[WHAT THE EXERCISE ASKS] Begin at the top of the records and copy each line exactly. The line containing "Used Ableton PUSH III Production Controller" is the last one to include.

--- EXCERPTED RECORDS ---

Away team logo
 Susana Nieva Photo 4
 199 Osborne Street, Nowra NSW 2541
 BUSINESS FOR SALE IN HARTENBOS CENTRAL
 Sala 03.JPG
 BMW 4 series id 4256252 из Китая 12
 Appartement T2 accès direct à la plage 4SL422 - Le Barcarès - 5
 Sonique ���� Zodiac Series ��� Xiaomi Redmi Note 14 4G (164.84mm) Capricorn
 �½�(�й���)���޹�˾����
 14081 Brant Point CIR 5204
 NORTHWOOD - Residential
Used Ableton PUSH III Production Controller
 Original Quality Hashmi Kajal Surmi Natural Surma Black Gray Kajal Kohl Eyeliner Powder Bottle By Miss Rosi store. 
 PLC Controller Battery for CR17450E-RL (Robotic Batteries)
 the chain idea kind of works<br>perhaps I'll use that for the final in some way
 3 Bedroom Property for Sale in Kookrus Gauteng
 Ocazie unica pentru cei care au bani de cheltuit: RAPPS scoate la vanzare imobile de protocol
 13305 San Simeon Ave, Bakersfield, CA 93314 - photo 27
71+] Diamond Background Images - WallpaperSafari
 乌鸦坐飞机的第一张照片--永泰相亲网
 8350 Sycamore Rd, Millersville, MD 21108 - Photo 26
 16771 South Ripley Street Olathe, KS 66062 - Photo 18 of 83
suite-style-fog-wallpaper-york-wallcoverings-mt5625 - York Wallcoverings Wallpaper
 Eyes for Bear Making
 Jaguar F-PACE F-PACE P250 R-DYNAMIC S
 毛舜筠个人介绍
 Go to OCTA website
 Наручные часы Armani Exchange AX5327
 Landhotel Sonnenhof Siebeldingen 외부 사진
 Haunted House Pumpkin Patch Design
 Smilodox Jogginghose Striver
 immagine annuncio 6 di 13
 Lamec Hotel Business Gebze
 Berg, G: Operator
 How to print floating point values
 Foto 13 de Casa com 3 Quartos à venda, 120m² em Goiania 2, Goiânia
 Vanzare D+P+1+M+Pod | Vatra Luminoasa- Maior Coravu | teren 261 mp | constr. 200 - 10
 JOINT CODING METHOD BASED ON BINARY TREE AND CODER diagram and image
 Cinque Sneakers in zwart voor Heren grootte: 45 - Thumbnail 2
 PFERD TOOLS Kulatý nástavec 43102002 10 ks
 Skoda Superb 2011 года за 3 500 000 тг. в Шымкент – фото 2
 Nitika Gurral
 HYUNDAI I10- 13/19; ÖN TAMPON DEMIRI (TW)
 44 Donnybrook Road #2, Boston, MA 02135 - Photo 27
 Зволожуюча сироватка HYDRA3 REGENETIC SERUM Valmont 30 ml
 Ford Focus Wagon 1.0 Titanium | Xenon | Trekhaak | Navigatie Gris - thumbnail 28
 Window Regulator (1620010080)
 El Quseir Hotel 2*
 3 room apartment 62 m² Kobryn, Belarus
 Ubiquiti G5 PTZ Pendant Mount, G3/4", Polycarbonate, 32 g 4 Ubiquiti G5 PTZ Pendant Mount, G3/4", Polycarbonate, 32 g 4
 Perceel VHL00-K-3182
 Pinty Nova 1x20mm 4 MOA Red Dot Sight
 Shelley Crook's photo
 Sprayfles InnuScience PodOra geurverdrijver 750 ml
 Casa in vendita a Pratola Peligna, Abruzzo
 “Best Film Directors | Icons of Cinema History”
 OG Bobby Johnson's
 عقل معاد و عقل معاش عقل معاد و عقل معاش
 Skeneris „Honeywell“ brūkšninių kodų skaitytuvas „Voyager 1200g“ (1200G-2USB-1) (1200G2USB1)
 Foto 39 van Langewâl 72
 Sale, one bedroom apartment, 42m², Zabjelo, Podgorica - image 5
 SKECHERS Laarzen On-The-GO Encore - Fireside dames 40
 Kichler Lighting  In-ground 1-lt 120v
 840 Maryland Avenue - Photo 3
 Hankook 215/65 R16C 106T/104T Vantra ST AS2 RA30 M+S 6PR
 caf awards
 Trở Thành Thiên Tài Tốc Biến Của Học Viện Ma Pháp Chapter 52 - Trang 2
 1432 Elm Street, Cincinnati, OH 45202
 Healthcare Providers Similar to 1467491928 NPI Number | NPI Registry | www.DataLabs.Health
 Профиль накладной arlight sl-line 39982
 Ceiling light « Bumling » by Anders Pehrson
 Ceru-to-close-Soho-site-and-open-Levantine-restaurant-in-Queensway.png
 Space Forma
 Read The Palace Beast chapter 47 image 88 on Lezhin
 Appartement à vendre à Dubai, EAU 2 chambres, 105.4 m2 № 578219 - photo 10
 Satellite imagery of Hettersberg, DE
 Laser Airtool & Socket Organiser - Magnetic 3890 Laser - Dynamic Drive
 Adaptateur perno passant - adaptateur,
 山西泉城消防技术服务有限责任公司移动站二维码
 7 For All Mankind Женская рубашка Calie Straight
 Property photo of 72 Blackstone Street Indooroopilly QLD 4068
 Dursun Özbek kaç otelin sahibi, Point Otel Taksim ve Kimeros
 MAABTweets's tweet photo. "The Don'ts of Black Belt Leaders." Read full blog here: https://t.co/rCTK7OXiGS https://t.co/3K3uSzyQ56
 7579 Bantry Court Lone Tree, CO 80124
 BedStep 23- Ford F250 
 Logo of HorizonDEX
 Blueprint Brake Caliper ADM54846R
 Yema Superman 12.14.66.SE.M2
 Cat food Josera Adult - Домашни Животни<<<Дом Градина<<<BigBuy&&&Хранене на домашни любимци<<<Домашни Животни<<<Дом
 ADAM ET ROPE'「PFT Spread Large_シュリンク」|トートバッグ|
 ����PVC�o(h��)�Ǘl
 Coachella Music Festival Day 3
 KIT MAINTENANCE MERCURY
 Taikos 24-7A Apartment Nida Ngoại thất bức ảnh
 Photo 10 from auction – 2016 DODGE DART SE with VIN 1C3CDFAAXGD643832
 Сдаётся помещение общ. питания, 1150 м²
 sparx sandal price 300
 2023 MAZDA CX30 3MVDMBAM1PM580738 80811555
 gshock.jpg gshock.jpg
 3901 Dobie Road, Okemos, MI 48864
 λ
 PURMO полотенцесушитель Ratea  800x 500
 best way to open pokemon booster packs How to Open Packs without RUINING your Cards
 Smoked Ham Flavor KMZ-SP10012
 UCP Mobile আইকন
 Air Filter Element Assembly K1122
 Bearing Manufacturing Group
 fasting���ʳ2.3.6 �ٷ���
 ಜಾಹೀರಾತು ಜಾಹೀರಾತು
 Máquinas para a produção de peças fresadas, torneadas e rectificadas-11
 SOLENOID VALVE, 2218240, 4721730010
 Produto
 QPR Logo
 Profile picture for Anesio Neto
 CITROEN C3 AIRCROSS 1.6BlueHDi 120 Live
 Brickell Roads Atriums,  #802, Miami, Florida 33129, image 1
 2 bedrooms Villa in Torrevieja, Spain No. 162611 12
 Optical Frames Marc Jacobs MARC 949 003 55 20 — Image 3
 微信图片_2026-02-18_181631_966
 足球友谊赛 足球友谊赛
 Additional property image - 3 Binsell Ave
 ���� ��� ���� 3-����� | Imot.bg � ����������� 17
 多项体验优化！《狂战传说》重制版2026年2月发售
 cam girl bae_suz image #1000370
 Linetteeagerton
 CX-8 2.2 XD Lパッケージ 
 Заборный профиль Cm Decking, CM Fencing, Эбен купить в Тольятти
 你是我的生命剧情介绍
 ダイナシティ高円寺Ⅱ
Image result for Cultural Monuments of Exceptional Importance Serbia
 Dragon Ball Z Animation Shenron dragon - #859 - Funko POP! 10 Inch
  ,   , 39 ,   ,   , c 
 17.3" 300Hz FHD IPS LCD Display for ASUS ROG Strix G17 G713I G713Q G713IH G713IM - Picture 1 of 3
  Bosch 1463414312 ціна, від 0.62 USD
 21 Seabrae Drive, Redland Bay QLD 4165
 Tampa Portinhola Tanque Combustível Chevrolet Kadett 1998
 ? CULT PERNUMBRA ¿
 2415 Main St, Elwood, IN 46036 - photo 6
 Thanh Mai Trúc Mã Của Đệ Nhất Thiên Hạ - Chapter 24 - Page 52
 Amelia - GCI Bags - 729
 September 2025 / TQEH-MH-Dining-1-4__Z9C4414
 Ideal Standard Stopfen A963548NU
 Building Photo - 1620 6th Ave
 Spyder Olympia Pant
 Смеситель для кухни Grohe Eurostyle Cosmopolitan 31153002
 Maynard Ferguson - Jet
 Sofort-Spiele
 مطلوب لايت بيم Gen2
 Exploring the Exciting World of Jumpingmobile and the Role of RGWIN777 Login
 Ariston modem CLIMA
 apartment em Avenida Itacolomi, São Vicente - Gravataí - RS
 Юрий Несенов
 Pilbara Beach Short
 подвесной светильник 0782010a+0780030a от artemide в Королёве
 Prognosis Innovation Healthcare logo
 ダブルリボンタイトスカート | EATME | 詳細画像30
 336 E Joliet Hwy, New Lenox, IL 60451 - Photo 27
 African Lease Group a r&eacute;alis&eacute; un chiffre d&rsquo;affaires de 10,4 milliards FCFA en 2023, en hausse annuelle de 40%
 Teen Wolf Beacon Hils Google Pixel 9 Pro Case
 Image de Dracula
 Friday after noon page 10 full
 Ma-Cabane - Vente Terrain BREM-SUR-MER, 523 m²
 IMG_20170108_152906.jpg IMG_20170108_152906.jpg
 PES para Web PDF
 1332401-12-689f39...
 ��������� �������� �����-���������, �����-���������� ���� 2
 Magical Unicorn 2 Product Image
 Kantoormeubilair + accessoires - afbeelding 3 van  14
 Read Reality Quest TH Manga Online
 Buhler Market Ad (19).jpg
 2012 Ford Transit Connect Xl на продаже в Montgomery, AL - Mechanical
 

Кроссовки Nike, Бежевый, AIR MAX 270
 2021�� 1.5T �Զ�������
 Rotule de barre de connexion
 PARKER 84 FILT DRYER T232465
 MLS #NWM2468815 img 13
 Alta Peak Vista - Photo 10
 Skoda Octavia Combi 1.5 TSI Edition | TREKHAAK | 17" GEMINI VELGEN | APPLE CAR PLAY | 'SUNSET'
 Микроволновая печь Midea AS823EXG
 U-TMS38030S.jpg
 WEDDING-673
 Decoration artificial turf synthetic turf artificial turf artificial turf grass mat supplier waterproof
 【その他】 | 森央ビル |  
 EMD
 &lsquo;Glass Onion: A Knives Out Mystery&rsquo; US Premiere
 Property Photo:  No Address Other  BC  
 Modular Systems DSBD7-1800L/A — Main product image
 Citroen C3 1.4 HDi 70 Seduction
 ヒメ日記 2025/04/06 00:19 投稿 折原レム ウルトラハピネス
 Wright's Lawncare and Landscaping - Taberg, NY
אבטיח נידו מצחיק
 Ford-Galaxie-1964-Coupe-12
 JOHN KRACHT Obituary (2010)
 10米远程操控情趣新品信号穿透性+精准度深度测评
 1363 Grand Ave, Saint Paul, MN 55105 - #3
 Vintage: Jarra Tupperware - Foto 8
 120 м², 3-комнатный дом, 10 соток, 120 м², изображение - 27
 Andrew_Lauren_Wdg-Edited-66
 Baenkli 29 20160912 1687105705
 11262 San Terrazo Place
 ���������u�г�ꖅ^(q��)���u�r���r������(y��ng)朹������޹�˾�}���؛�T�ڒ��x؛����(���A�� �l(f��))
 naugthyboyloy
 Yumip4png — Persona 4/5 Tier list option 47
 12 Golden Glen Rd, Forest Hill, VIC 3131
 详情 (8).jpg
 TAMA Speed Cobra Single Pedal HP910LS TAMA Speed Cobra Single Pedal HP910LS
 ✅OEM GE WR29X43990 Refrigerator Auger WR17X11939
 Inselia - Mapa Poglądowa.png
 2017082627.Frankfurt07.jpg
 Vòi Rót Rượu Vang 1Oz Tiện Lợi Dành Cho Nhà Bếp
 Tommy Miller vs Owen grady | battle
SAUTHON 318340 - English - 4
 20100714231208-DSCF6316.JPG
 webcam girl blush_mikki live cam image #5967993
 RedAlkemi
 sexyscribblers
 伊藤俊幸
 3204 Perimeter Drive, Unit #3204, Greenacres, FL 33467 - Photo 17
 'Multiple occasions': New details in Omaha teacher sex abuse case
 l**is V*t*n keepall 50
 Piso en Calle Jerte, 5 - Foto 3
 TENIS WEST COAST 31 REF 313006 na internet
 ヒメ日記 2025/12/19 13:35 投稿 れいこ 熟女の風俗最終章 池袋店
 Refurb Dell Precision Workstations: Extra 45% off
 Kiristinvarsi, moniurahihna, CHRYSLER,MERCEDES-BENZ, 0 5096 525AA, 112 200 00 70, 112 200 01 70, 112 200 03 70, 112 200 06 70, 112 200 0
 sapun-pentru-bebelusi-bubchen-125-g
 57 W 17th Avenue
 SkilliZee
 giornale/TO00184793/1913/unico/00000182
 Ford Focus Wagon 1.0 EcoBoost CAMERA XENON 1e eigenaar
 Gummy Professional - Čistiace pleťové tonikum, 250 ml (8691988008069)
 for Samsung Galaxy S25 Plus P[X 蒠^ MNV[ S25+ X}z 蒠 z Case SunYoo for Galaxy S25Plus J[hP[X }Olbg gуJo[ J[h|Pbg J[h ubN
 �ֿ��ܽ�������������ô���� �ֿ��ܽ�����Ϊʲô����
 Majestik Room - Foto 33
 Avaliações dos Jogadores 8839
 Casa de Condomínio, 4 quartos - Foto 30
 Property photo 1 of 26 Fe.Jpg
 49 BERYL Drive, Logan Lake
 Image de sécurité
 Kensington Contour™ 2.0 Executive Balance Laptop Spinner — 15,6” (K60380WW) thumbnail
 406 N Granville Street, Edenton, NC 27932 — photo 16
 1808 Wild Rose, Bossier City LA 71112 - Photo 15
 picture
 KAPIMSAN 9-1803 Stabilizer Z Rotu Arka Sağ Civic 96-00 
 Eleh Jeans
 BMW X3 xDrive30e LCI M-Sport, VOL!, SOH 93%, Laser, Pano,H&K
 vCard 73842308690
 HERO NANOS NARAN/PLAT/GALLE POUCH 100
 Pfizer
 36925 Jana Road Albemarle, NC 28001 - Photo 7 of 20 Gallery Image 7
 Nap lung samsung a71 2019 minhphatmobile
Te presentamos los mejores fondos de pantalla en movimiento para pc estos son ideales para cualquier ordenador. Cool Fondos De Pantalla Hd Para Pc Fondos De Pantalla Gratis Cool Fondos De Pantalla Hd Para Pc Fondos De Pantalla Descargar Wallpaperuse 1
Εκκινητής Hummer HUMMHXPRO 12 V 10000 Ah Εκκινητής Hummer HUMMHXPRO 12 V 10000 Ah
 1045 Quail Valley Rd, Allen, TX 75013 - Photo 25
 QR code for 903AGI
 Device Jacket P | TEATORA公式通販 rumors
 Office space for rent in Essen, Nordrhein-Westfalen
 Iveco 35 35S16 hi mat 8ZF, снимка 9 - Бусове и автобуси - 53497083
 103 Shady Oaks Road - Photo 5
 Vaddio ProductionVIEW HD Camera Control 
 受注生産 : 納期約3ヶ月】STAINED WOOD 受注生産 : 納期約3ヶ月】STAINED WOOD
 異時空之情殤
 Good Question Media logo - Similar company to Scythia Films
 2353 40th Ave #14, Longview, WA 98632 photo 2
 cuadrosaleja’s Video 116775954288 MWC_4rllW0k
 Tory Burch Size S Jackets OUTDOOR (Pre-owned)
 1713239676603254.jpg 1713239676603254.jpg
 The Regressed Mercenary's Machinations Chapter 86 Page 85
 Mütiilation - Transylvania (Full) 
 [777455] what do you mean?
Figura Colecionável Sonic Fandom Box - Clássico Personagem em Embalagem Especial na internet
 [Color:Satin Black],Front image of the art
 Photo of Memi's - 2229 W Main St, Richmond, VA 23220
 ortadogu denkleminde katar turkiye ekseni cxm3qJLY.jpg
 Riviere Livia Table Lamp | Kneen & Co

---

[EXERCISE RESPONSE]
Away team logo
 Susana Nieva Photo 4
 199 Osborne Street, Nowra NSW 2541
 BUSINESS FOR SALE IN HARTENBOS CENTRAL
 Sala 03.JPG
 BMW 4 series id 4256252 из Китая 12
 Appartement T2 accès direct à la plage 4SL422 - Le Barcarès - 5
 Sonique ���� Zodiac Series ��� Xiaomi Redmi Note 14 4G (164.84mm) Capricorn
 �½�(�й���)���޹�˾����
 14081 Brant Point CIR 5204
 NORTHWOOD - Residential
Used Ableton PUSH III Production Controller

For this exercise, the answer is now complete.